So here I am, trudging the proverbial road. I've backed away from my addiction, and I'm experiencing the downs and ups of sober life. Mostly downs, but I'm getting glimpses of ups, and it's kinda cool.
I'm finding there are (at least) two distinct sides of me with little overlap. There's the despair, lonely, frustrated, depressed, terrified, unmotivated, doom, gloom, etc. part of me. Everything seems hopeless, frustrating, dark ... And then there's the more even, lucid, positive, open, "free" side of me. Things seem more "sane," possible, surmountable, manageable. When I'm in one or the other, it's hard for me to see the other side.
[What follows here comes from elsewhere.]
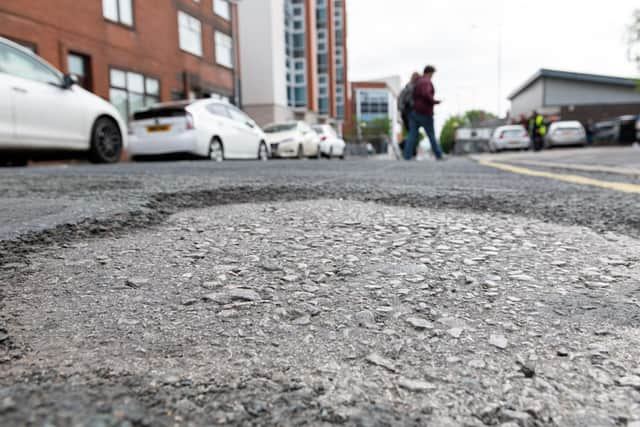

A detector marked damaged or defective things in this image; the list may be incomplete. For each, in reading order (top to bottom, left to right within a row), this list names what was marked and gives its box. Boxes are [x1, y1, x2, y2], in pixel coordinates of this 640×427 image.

cracked asphalt [1, 155, 640, 427]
Kinda like the "light world" and "dark world" from The Legend of Zelda: A Link to the Past for the SNES, if you remember that. In the game, there was the normal "Hyrule" world, and a dark, gloomy, decaying "dark world," that was similar to the "light world," but, well, darker. More dangerous, treacherous, etc. While he was in the dark world, he faced monsters, dungeons, etc. strictly belonging to the dark world, with no interaction with the light world. And vice-versa. Link had a mirror that he could use to magically transport himself from the dark world back to the light world. I need something like that.. when I find myself overwhelmed in my own dark world, to magically transport myself back into "the light" of sanity and manageability.